Sleep! I sleep! I'm asleep. And if you ever come into God's
house, if you ever come in here and somebody tells the old, old
story—I don't care who the preacher is—tell the old, old story and
it doesn't move you, I tell you, Joe, It's awful, isn't it? To hear
that story about Christ, that love, the love of God in sending
His Son down here, and brutally shed His blood for us such unworthy
creatures as we are, and be unmoved by it? We ought to be crying
out, I'm asleep! I'm asleep, complaining about
it bitterly. I'm unmoved by this. What's wrong
with me? You know what I'm saying? If
you come in here and others are singing praises, it seems like
they can enter into it, and you can't. You just have to mouth
the words. You ought to be crying out, I'm asleep. Mourning, complaining. And if you partake of the Lord's
table, the closest you ever get to communion, and the Lord does
not draw an eye to you in this Lord's table, you ought to be
screaming at the top of your lungs, I'm asleep. Lord, come
in with me. in your broken body and shed
blood. And if you cry loud enough, maybe
somebody will hear you. The one who counts. Maybe he'll
hear you. Maybe he'll hear yourself. Ever
woke yourself up when you're sleeping? Snoring? Ever woken
yourself up? Sure you have. Maybe you'll wake
yourself up. Spiritual sleep is not only a
low state of enjoyment, but it's a state of danger. Christ gave
this parable. He said, while men slept, the
enemies came and sowed tares among the weak. We've got an
adversary and an enemy. If the Lord, like the prophet,
bade the Lord to do for his servant, open the sky and see our adversary, It scares to death. It scares
to death. State of danger. Enemy comes
in, sows terrors. Sows terrors while we're asleep.

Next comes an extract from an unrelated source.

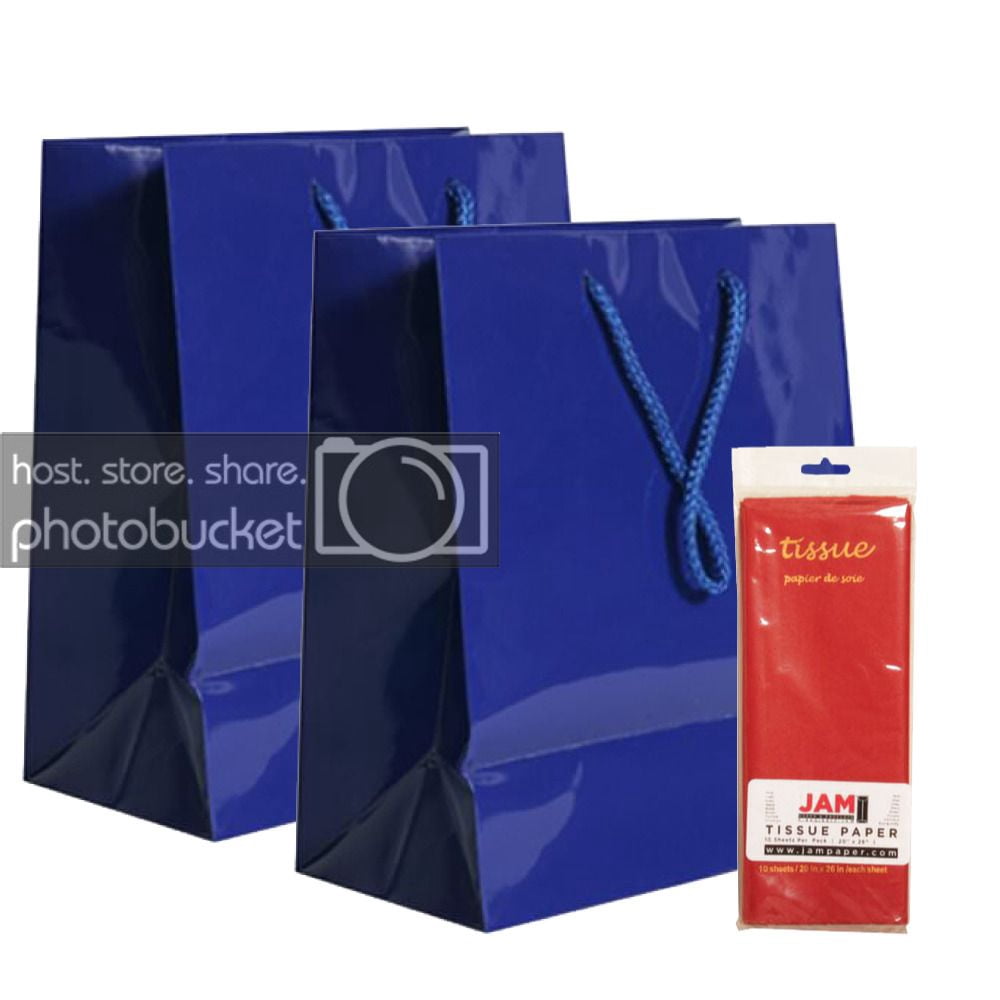 JAM Gift Bag Assortment, 2 Blue Bags & Red Tissue Paper, 3/Pack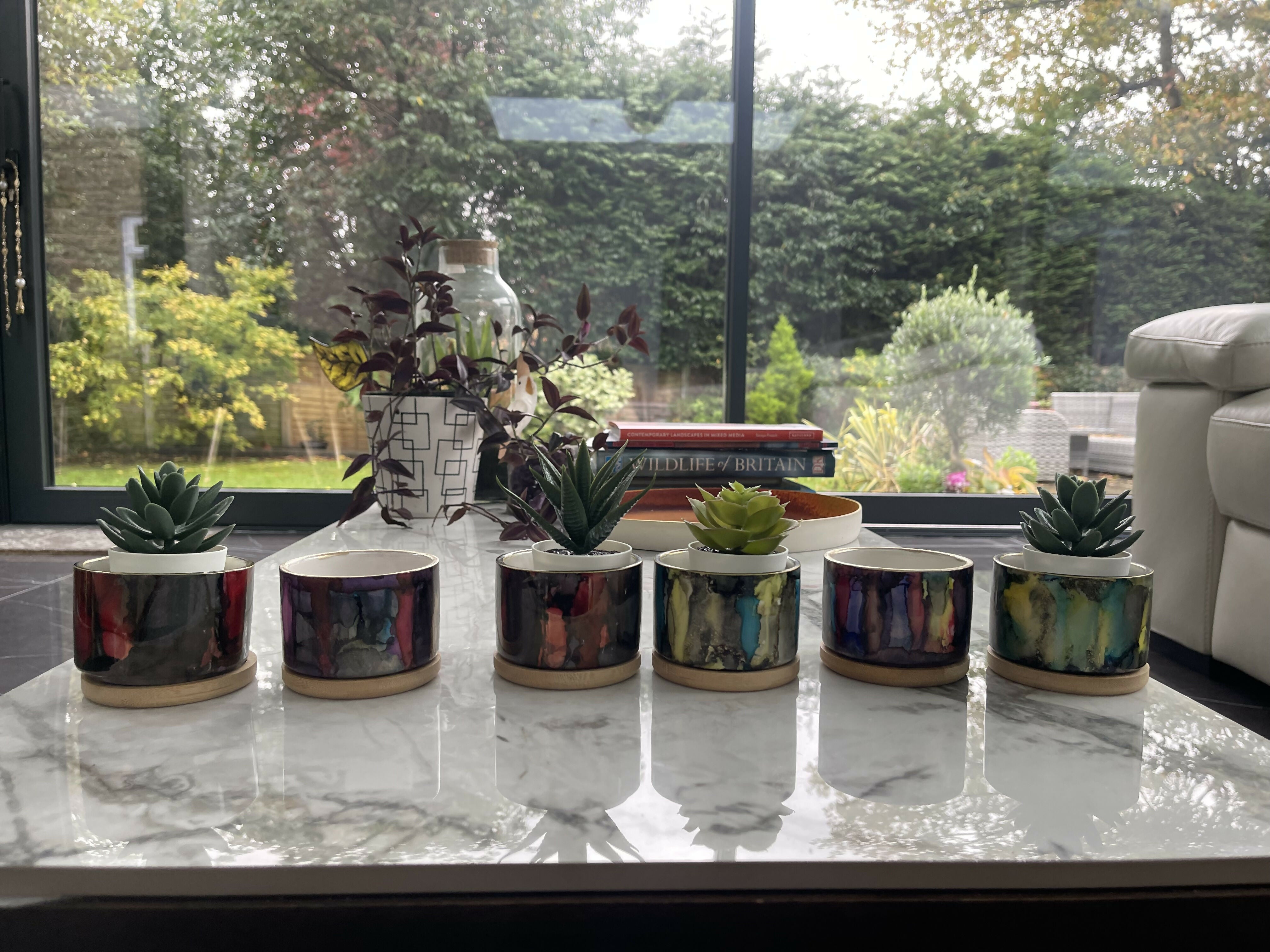 Colourful Hand Painted Ceramic Pots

Thieves break in when you're sleeping. Nobody breaks into
people's house in broad daylight, usually. They come at nighttime
when everybody's sleeping. Thieves break in, and spiritually
speaking, while we're asleep spiritually, the enemy will break
in and steal our joy, steal our peace, steal our comfort. Steal
our assurance, and like Jeremiah said, steal the words of God
from us, we forget the gospel. Right back where we seemed like
where we started from. All gone. We've become poor and naked,
miserable, blind. Well, let me give you some helps
now. I've talked about the problem
long enough. But I've been giving you the help from the very start. Here's the first thing. Look
at verse 2 again. She says, I sleep. Why does she
say this? She's calling out. Call upon
the name of the Lord. Call. Who said we shall call
upon the name of the Lord? That applies to the believer
even. Who said we shall call upon the name of the Lord? That's
not just a lost person. The believer daily must cry unto
his Lord and repent. And call and cry out, call upon
the only one who can truly help us and save us, right? And raise
the dead and raise this sleepy head. Lord, save me or I'll perish. I'll fall asleep. David said,
lighten my eyes lest I sleep the sleep of death. Lord, wake
me up or I'm just going to fall plumb asleep and then just fall
out, fall away, fall from grace. Well, call. That's the first
thing. That's the first thing. Call.
Call upon him who only can help. He's the only one that can wake
us up. No amount of pleading, the preacher does. No amount
of praying or Bible reading or anything else will avail unless
he who wakes the dead with his voice calls and awakes us out
of this sleepiness, this drowsiness. So call. And then there's some
means. There's these means. Now listen, lack of exercise
will cause a sleepy disposition, physically speaking. I haven't
been getting any exercise, and I've found myself to be lazier
than I've ever been in my life with this desk job. But it'll
render you in a sleepy disposition, and lack of these means that
God has ordained like gospel preaching, and I see it overcome
people. I see it overtake people who
fall out and miss and so forth. Get in this lethargy. Gospel
preaching doesn't necessarily apply to anybody here, but reading
the Scriptures, prayer, all this, a lack of these things will render
us sleepy, asleep spiritually. You know it's such. You know
it is. And listen to this. Do you remember one Sunday morning, six months ago or more, we spent
a whole Sunday morning talking about preparation for worship. Preparation for worship, and
then I put several things in the bulletin. Helpful. Helpful.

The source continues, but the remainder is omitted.